En los últimos 12 meses, tres países de África occidental sufrieron golpes de Estado que acabaron llevando al poder a juntas militares. Todos tuvieron el apoyo de buena parte de la sociedad, partidos políticos y organizaciones ciudadanas, expresado en comunicados y manifestaciones callejeras de alivio e incluso alegría. Dejando a un lado a Guinea, donde la represión y la corrupción habían llevado al régimen de Alpha Condé a un callejón sin salida, en Malí y Burkina Faso los golpistas adujeron la necesidad de tomar el poder para hacer frente a una amenaza yihadista que la presencia militar francesa no pudo contener. Los hastiados ciudadanos los acogieron con los brazos abiertos. Sin embargo, las arengas de unos y los discursos preñados de buenas intenciones de otros están naufragando ante la violencia que campa a sus anchas.
En Malí las cosas van mal.

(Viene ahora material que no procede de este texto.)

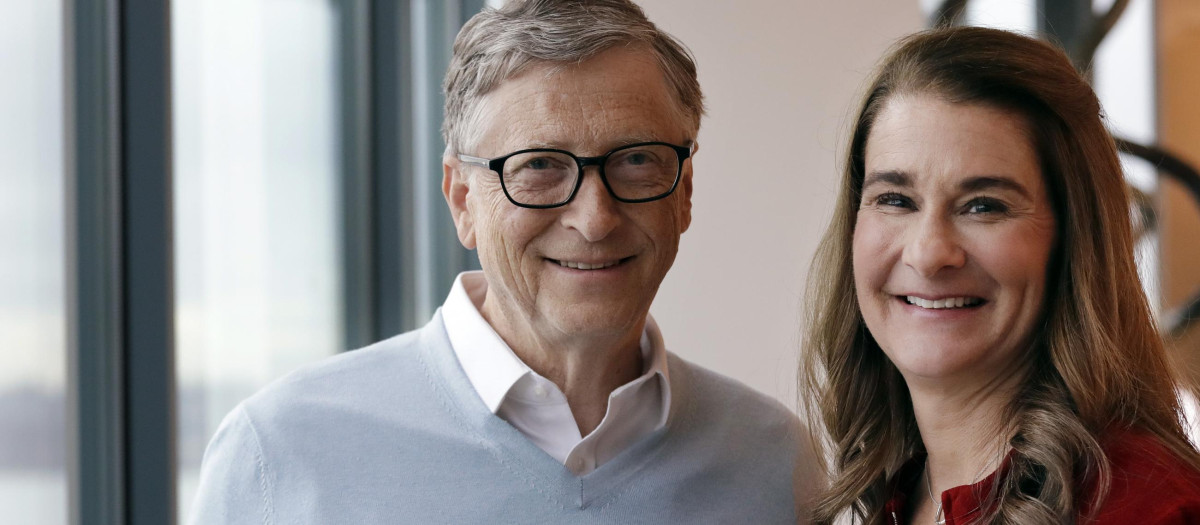 Bill y Melinda Gates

En un contexto de retirada de las fuerzas francesas y europeas del país tras una década de infructuoso combate contra el yihadismo, la llegada de mercenarios e instructores militares rusos como nuevos aliados en esta guerra de la mano de los coroneles golpistas ha elevado aún más el diapasón de la violencia. Masacres de civiles y ejecuciones extrajudiciales conviven con enfrentamientos entre grupos armados y constantes ataques y atentados contra militares malienses y fuerzas de la ONU. Todo el norte y centro del país es pasto de las llamas de un conflicto que se desarrolla lejos de los ojos y los oídos del mundo. No quieren testigos.
En Bamako, aquel apoyo inicial a la asonada se ha ido desvaneciendo, un proceso que conduce a la inevitable ruptura entre una sociedad que creyó en el poder de la fuerza militar como salvadora del país y unos coroneles golpistas que han mostrado su incapacidad para meter en vereda el descarrilamiento de toda la nación. El silencio del predicador Mahmoud Dicko, quien fuera principal valedor de los golpistas, es tan revelador como el hartazgo cotidiano de quienes, sin comerlo ni beberlo, sufren las ejemplarizantes –y por ello tan injustas– sanciones de la CEDEAO.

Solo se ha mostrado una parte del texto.